If he's just hanging around, please give him a bit of bread or seed and maybe a bowl of water and see if you can see a band on him. He's likely used to being cared for (fed and watered and such) and got lost on a race. Sometimes after they rest for a day or two, they will take off on their own and go back home. He may be tame enough to just pick up to check his band, if he does have one, or you can use a simple laundry basket or box trap (or long-handled fishing net works great)to catch him temporarily if you need. If you do see a band and are able to catch him, please do NOT take him to the animal shelter or wildlife center. That usually ends in euthanasia, one way or another, unfortunately. You could also tell us your general area and we may have a member nearby who can just stop by and get him. Thanks again for helping him and good luck!


----------



## tuxedobaby (Sep 9, 2008)

are you in the uk?(i was looking at cars,look like uk cars)dont contact RSPCA a sthey have little time for pigeons,,nor do the RSPB!!!!)if he has a band on his leg,try to catch im and read info on his band,it will have something like NEHU and a number,when you find out,go to appropriate club website,get phone number and report him and hopefully his owner will claim him back,i have an unclaimed racer who no one took back(over a year ago)and she is with my flock now(amigo,her name is)in meantime,give him some seed and fresh water


----------



## VoiceOfAmerica (Apr 20, 2009)

Well, there is not a band on his/her leg (but there is one on mine HAHHA). I'm not in the UK, just here in the good old USA.

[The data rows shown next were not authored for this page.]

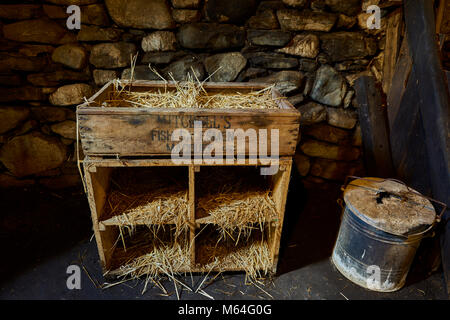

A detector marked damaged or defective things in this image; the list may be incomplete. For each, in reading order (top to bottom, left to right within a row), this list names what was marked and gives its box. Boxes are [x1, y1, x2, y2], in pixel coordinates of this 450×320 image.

rusty metal lid [344, 178, 436, 235]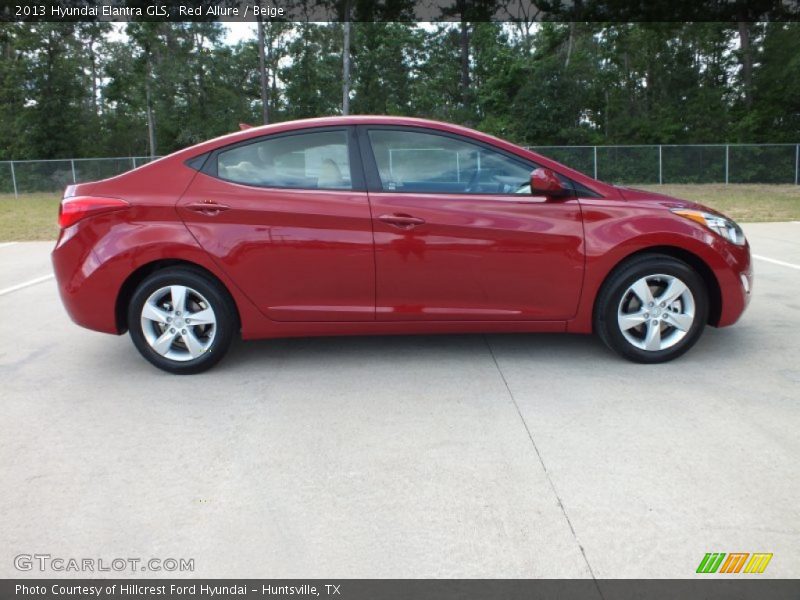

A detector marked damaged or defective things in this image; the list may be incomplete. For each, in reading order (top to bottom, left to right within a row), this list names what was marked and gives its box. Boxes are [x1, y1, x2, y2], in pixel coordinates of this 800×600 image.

parking lot crack [484, 332, 604, 596]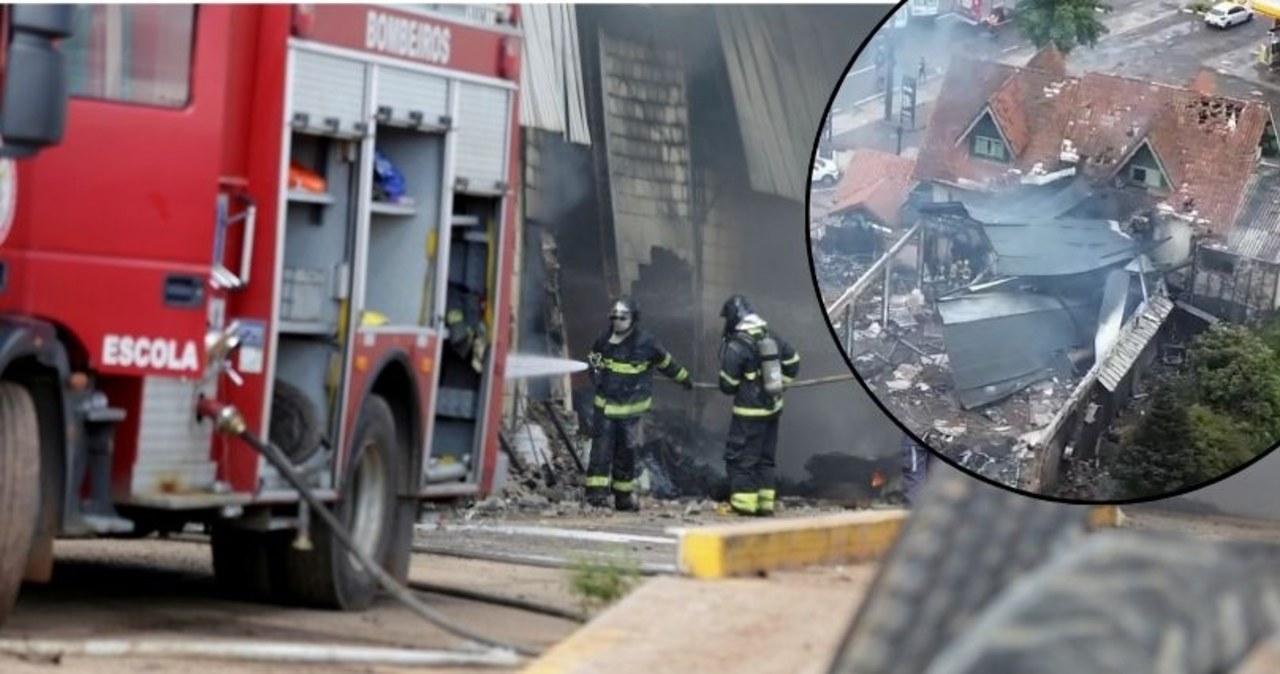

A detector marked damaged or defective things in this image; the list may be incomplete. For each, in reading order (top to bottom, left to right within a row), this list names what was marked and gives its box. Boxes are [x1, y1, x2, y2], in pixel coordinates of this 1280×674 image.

damaged roof [829, 149, 921, 227]
damaged roof [911, 50, 1269, 235]
damaged awning [977, 218, 1141, 277]
damaged awning [936, 292, 1095, 409]
damaged roof [936, 292, 1095, 409]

I've put water and bread out for it, but I really need to get it off the balcony. The problem is it tries to fly out, and whammo - it hits the plexiglass around the balcony. He really doesn't understand glass.

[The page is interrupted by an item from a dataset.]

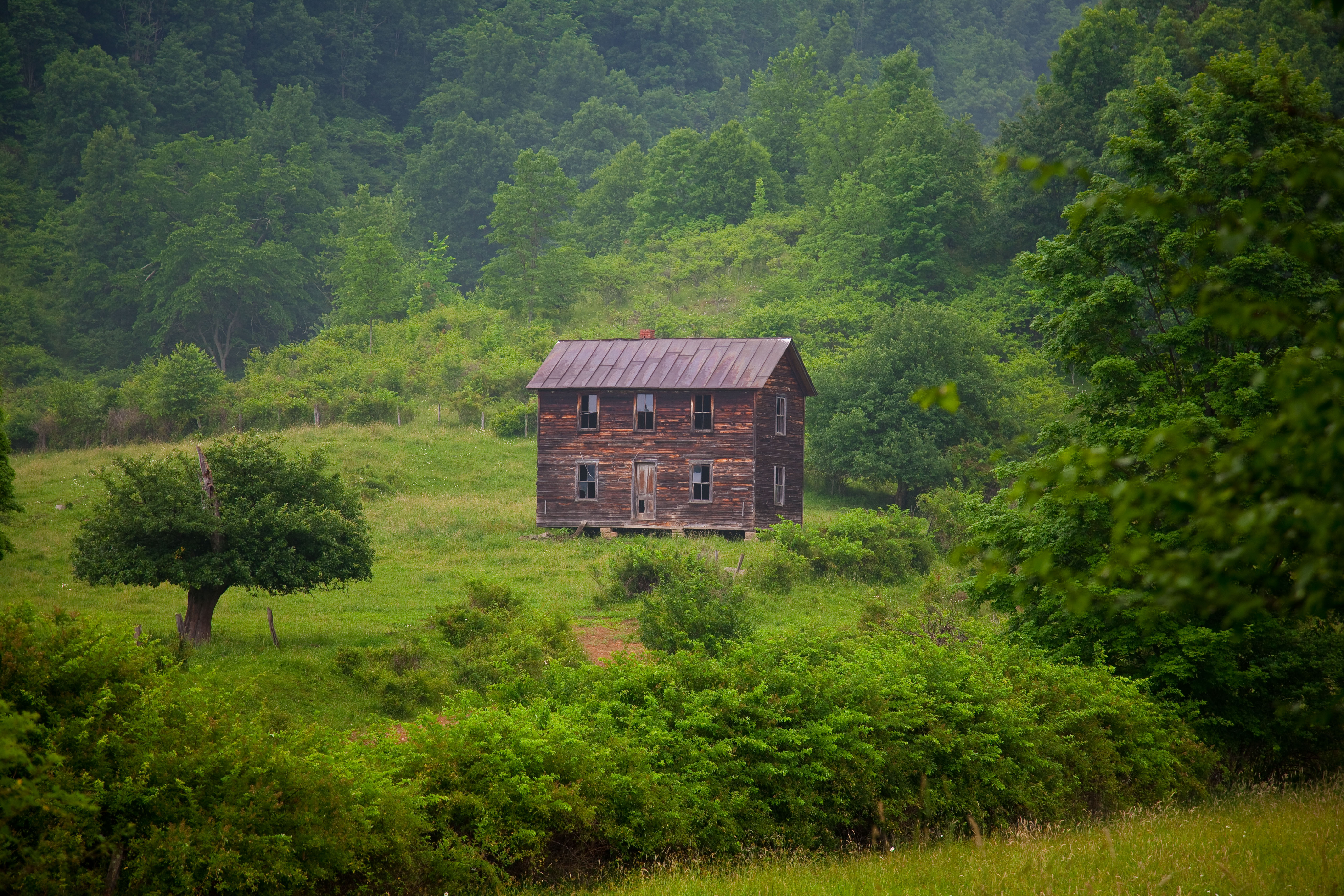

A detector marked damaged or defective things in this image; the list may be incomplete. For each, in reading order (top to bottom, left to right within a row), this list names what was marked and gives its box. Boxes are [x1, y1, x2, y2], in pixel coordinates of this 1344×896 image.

Should I try to push it out with a broom? I promise to be gentle. I don't want to hurt it, but I really can't have it staying there.

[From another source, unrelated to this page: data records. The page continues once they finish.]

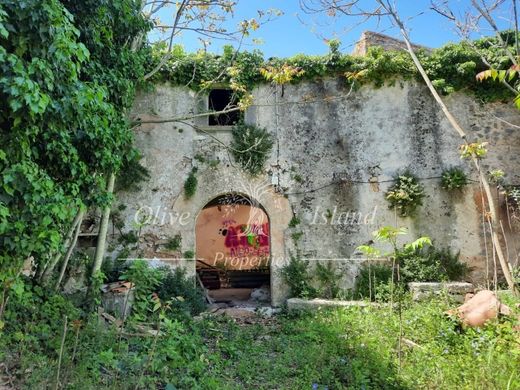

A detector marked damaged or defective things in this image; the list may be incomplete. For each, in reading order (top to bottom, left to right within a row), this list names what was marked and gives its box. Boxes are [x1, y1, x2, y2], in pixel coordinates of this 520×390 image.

broken window [207, 89, 240, 125]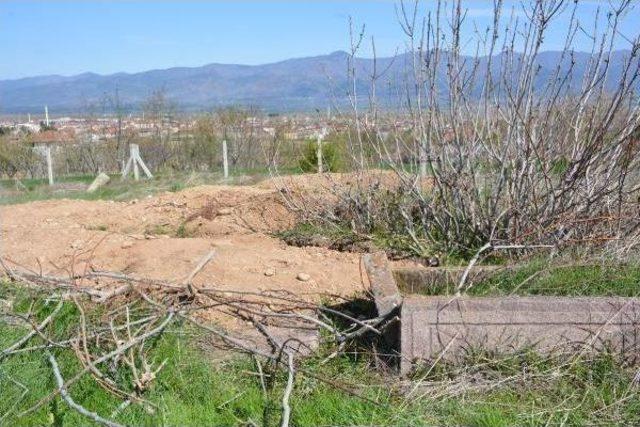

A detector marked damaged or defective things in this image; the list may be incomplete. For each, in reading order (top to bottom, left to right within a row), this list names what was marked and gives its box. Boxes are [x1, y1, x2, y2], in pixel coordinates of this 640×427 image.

broken concrete [362, 252, 402, 320]
broken concrete [400, 298, 640, 374]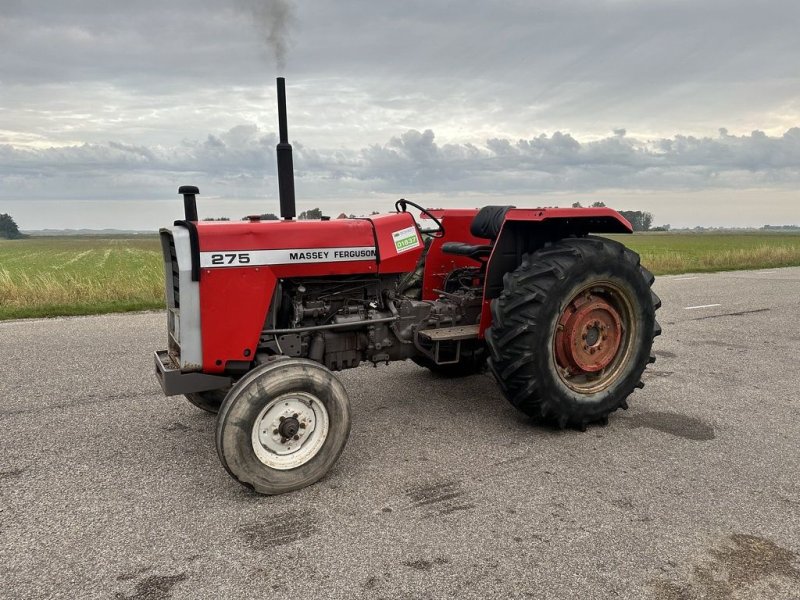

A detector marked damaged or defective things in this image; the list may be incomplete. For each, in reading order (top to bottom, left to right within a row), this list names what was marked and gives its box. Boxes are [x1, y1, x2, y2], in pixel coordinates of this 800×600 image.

rusty wheel hub [556, 290, 624, 376]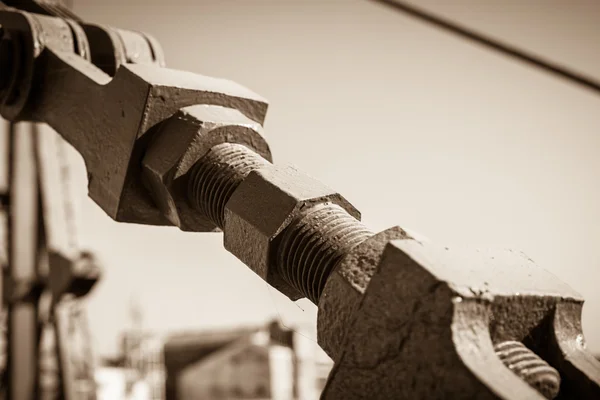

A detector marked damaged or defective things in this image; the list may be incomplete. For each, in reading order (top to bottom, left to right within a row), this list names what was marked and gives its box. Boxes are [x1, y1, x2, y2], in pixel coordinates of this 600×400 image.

rusty metal surface [142, 104, 270, 231]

Thanks in advance for all your help.


----------



## Lovebirds (Sep 6, 2002)

VoiceOfAmerica said:


> Well, there is not a band on his/her leg (but there is one on mine HAHHA). I'm not in the UK, just here in the good old USA.
> 
> I've put water and bread out for it, but I really need to get it off the balcony. The problem is it tries to fly out, and whammo - it hits the plexiglass around the balcony. He really doesn't understand glass.
> 
> ...


Take away the water and bread. If it can't be there, you don't want to feed it or it might stay OR come back. 
You can try shooing it away with a broom. Might help if you get low, down on his terms so that he will fly UP instead of straight. Maybe he's just confused about how to get off of the balconey.


----------